> [ACTIVITY] Please output the listing that follows exactly, but keep all images out.

======== INFORMATION SUPPLIED ========

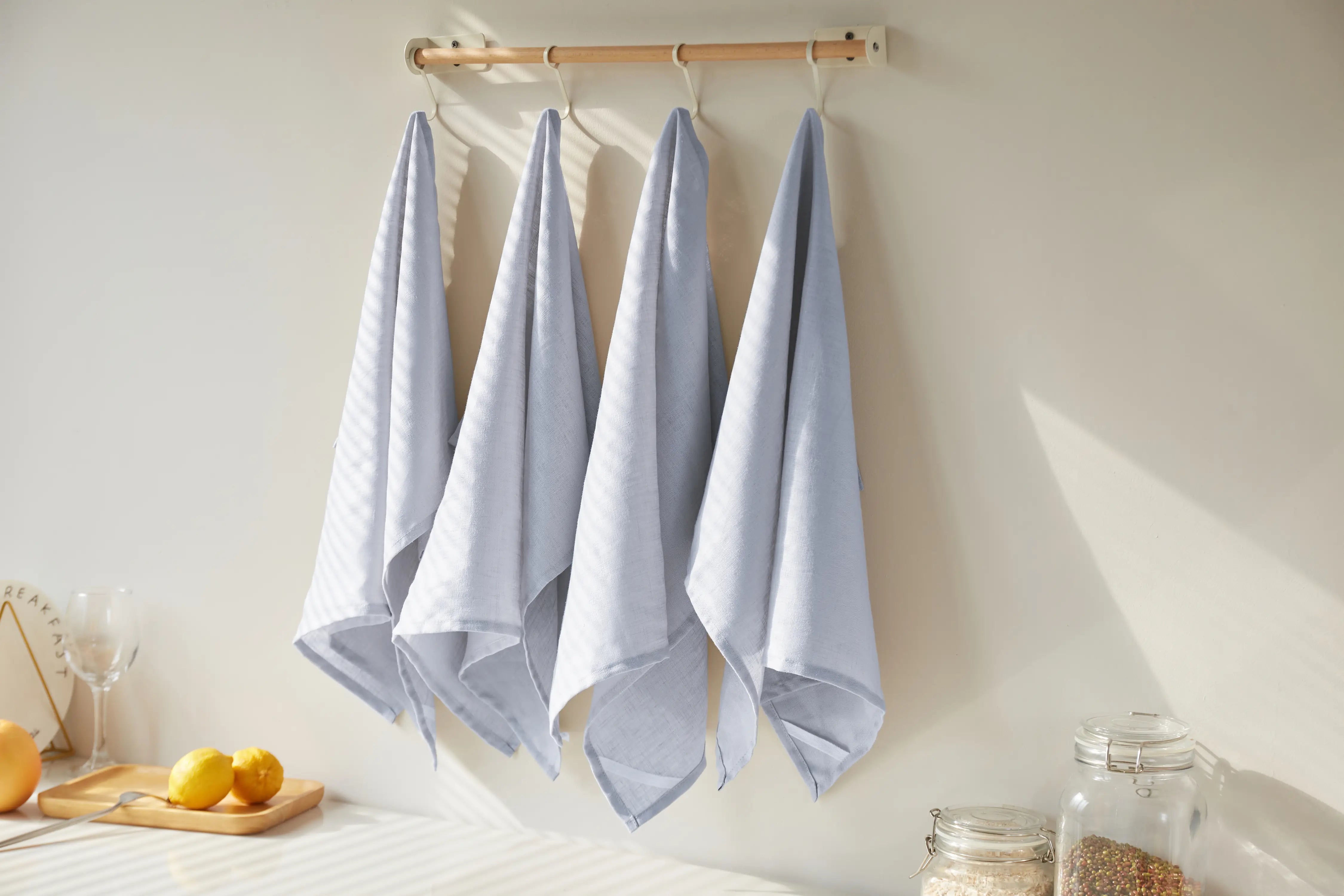 linen-tea-towel-light-blue-1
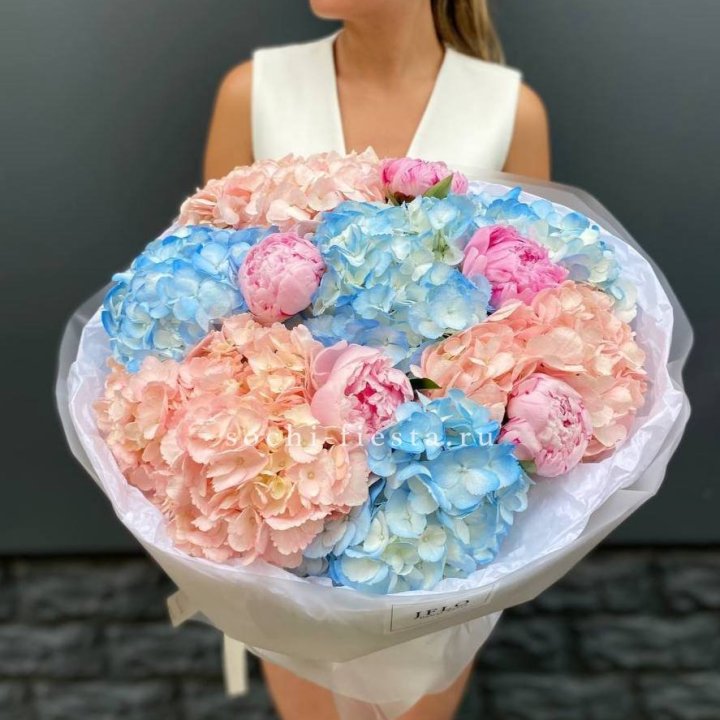 Дуобукет гортензии с пионами  в Энгельсе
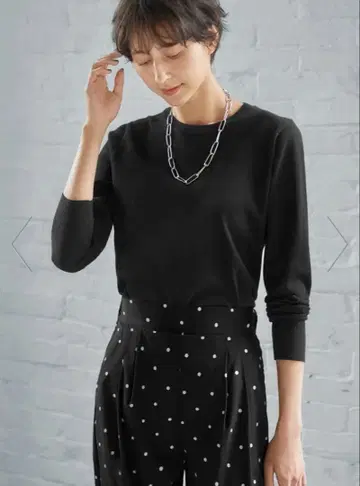 [딱 붙지 않는] 긴팔 크루넥 니트 블랙 M 완판템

========

> [EXERCISE ANSWER]
 linen-tea-towel-light-blue-1
 Дуобукет гортензии с пионами  в Энгельсе
 [딱 붙지 않는] 긴팔 크루넥 니트 블랙 M 완판템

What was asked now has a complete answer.